Drama came to us from religious worship. Specifically it came from the worship of Dionysus, not Athene, not Zeus, and not Poseidon. The transition from religious worship occurred some time in the sixth century BCE. The conviction of the religion of Dionysus, that the worshipper can not only worship, but can become, can be, his god, is essentially dramatic.
Greek plays were often presented to honor the god Dionysus but mainly in Athens. They were given in the Greek month of Elaphebolion 11-13 (in March-April) for 7 to 8 hours each day. In Athens on the southwest slope of the Acropolis plays were presented on the round flag-stoned dance floor of the theater. This was the celebration of the Great Dionysia, a festival for the god Dionysus, but for men only.
In other parts of Greece festivals for the god Dionysus included women so the festival in Athens was unique, but it was also unique in that dramas were produced. The question of whether women participated in drama and what was her part is the subject of great debate. Most information has woman excluded from the theaters in Classical times. Before this the situation is fuzzy. The theater grew out of religious festivals and there is evidence that women participated in festivals where women played the part of a goddess in the Minoan Culture.
Illustration to the left — Greek Masks
The distinction between what must have happened during the women’s festivals and what happened in the Great Dionysia is clarified by Plato Republic, III, 394b,
“…there is one kind of poetry and tale telling which works wholly through imitation, as you remarked, tragedy, and comedy, and another which employs the recital of the poet himself, best exemplified, I presume, in dithyramb (διθύραμβος), and there is again that which employs both, in epic poetry and in many other places.”
It was Aristotle who stated the origins of drama, Poetics, 4.1449a9ff:
Drama certainly began with improvisations–as did also Comedy; the one originating in the authors of the dithyramb(διθύραμβος), the other with those of the Phallic songs,…” Thus the thought is that drama began as recital and changed to imitation.

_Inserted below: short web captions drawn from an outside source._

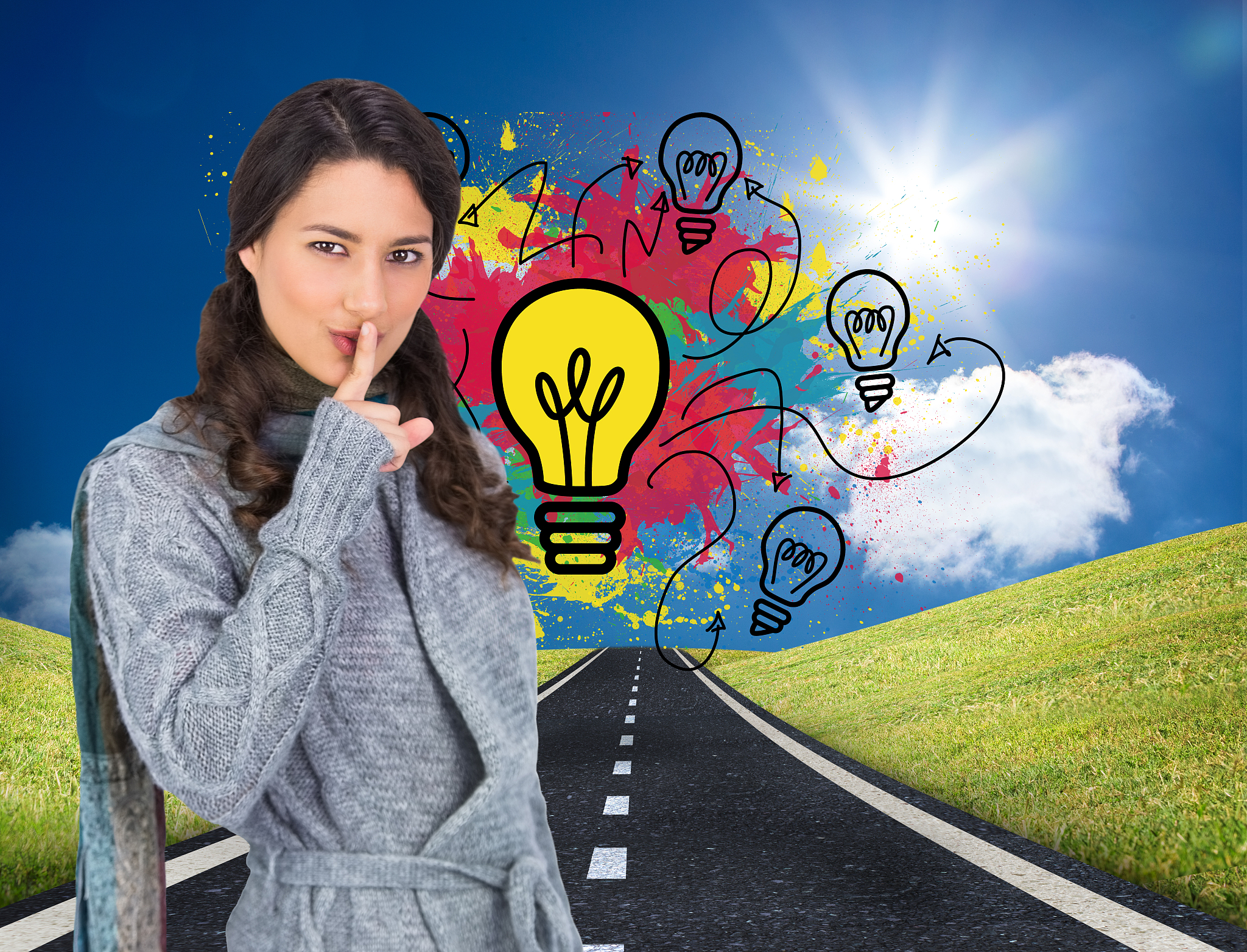 一个人物一共可以穿戴5个部位的时装分为头左手右手左脚右脚时装分为低级时装和高级时装低级时装可以合成高级时装2个低级时装合成1个高级时装概率40部位都是随机如果合成到重复的高级时装的话一个高级时装合成另一个高级时装概率50部位也是随机合成失败时装会消失如果五个部位都要穿戴高级时装应该采取怎样的合成策略所需要的平均低级时装最少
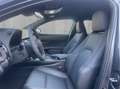 Lexus UX 300h F-Sport Design 199 PS 2WD Grau - thumbnail 7
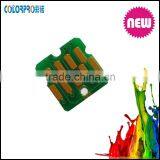 T6941 T6943 T6942 T6944 T6945 auto reset chip for Epson T3000 T5000 T7000 ink cartridge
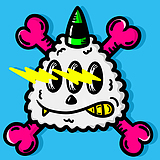 Emo大魔王的头像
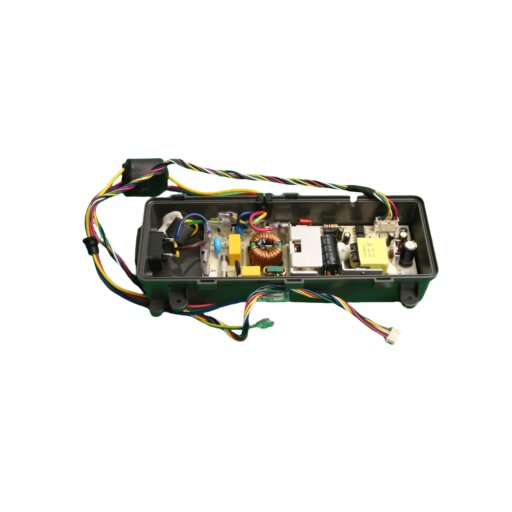 Onyx4-Power board - Roborock S7 Max Ultra / S8 Pro Ultra - 9.01.1962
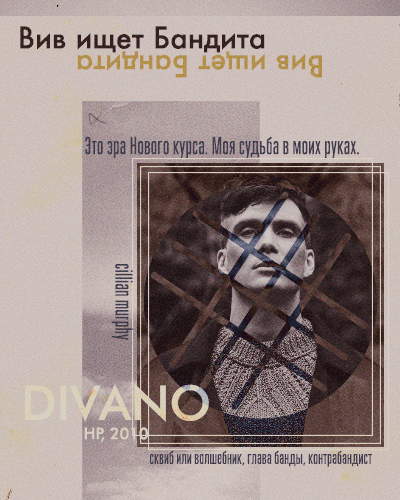 http://forum4.ru/uploads/001a/9e/2e/5/94116.png
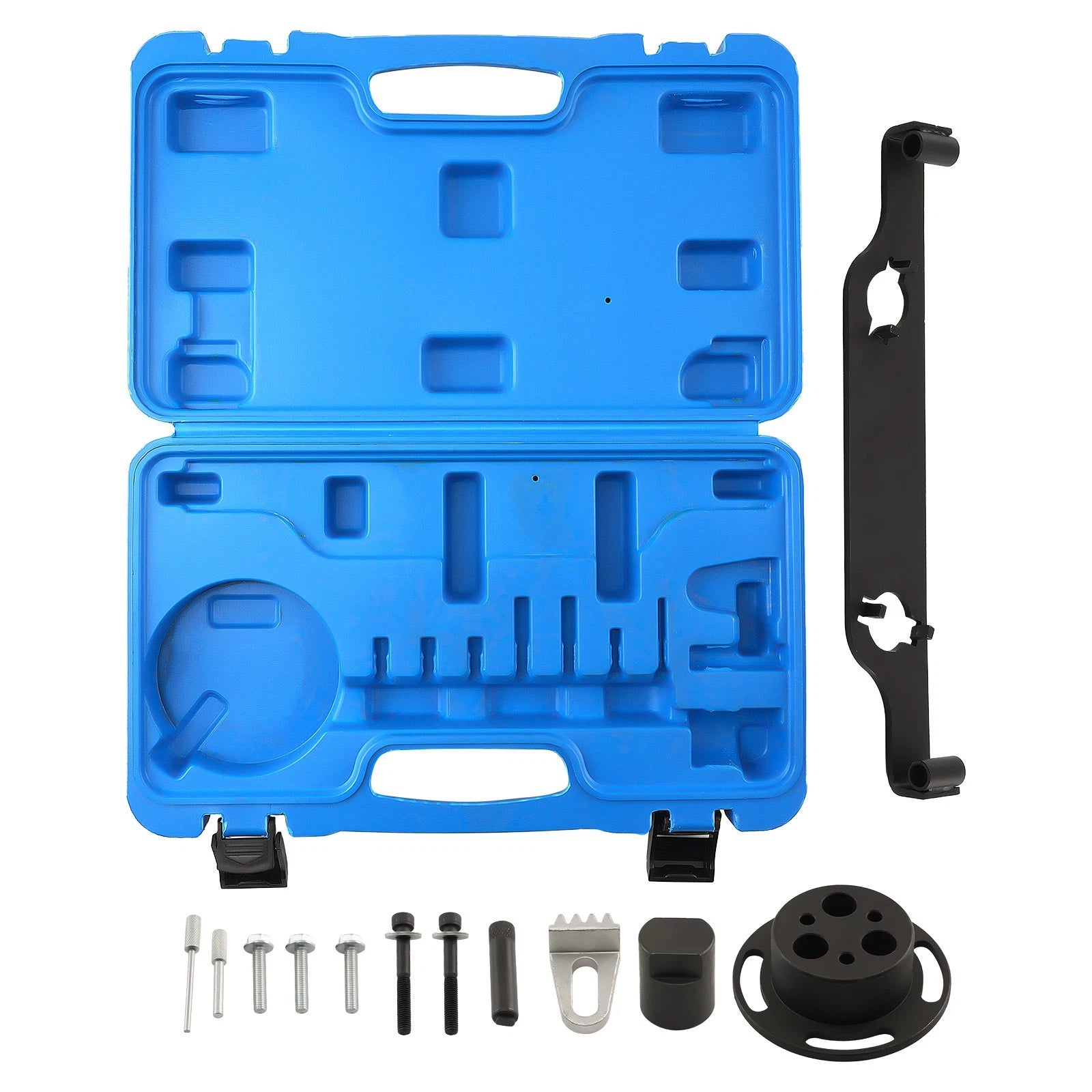 Camshaft Locking Tool for Chevrolet Malibu (2012-2023) Steel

The Bacchae of Euripides is important because the drama actually includes Dionysus as one of the actors. It is confusing because in it one of the Maenads ((Greek: μαινάδες, Bacchae) says, Euripides, Bacchae:”From the land of Asia, having left sacred Tmolus, I am swift to perform for Bromius my sweet labor and toil easily borne, celebrating the god Bacchus.” Euripides also refers to him as a new god. But this cannot be true because of the remarkable similarities of the cult of Dionysus to the cults depicted on the artifacts from the Minoan culture. In fact the name is found among the texts of the Mycenaean culture from Crete. This is dicussed by Carl Kerenyi in his book Dionysos on page 68. Euripides does admit to a Cretan source for drama when the Maenads sing,
Hail thou, O Nurse of Zeu, O Caverned Haunt Where fierce arms clanged to guard God's cradle rare, For thee of old some crested Korybant First woke in Cretan air The wild orb of our orgies, Our timbrel; and thy gorges Rang with this strain; and blended Phrygian chant And sweet keen pipes were there."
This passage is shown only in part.